Wednesday, November 14, 2012

Fracking geopolitical foundations

Photo: REUTERS
What to make of the findings in the recent International Energy Agency report that the US will become the largest energy producer in the world in 5 years? As Kelly McParland suggests, at once it completely rearranges the global power structure.

Leaving aside for others the fairly important question of "is it true?", since I'm ill-equipped to fact-check the IEA and NYT on this, I feel like this kind of solidifies the timeline we're working with before the planet becomes too disastrously hot. We don't have to worry about "peak oil" ever again, but thanks to environmentally-problematic hydraulic fracturing, we now we have to worry that "no more than one-third of already proven reserves of fossil fuels can be burned by 2050 if the world is to prevent global warming exceeding the danger point of 2C".

So, ok, we have a target date about 40 years in the future - is that enough time to prevent the worst effects of global warming, and can we even do it? I'm inclined to believe we've passed a tipping point and the rise of the middle class in India, China and Brazil means we're going to have a really hard time stopping carbon emission increases for the foreseeable future - those nations are going to be legitimately angry to be denied the use of cheap fuel and plastics we've had for decades, because we used it all up - so we'd better get working on some good mitigation strategies.

Ultimately, I'm not that confident we're going to be able to mitigate our way out of the coming climactic disaster, so we're going to just have to adapt and suffer. We as a society will have to come to terms with the guilt unleashed by watching millions of people around the world die from the effects of the pollution we released into the atmosphere. If history is any guide, the people who suffer the most will most likely be poor, since the rich can afford to move away from unsafe coastlines and ensure a steady supply of fresh water. And the karmic injustice will be doubled, as those who pay the highest price will have been those who used the fewest resources.

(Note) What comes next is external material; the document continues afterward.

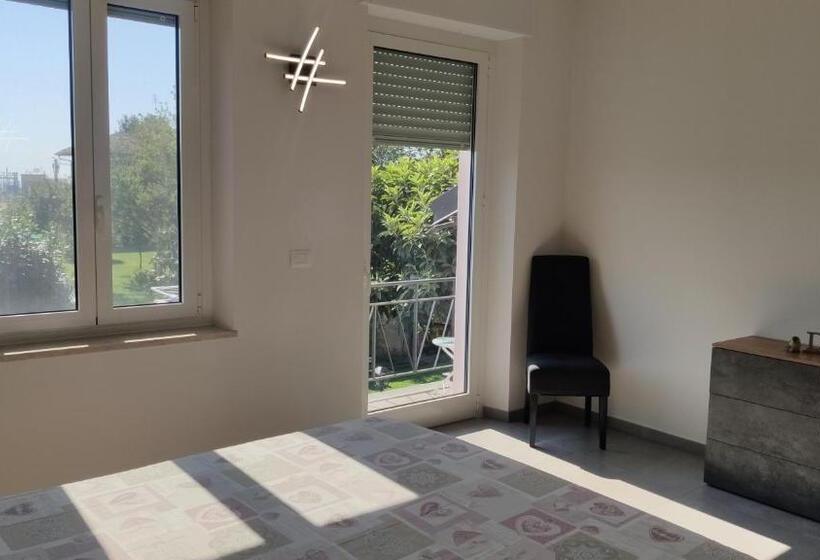 غرفة قياسية مزوَّدة بشُرفة, Villa Fiorita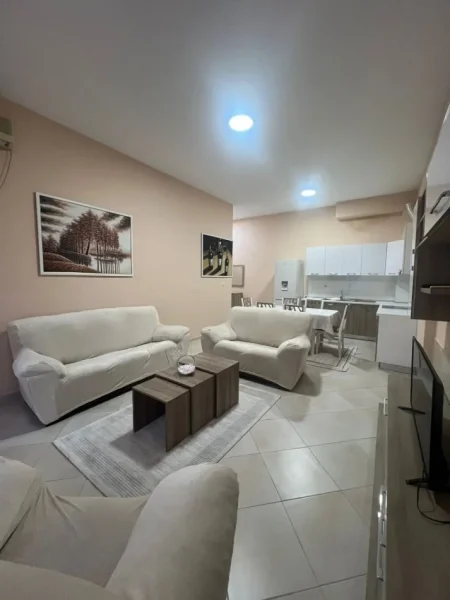 Tirane, jepet me qera apartament 1+1 Kati 1, 89 m² 400 € (fresku)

That will hopefully turn out to be overly pessimistic, and if we're lucky, we'll make enough progress on mitigation strategies fast enough to avert the worst catastrophes. But if Sandy is going to keep happening to coastline after coastline, and we have more droughts like we had this summer (the worst in 25 years!), and the freaking coffee bean is going to be extinct soon - well, I don't know how much faith I have in engineers who aren't able to rely on the juice of nature's sweetest fruit.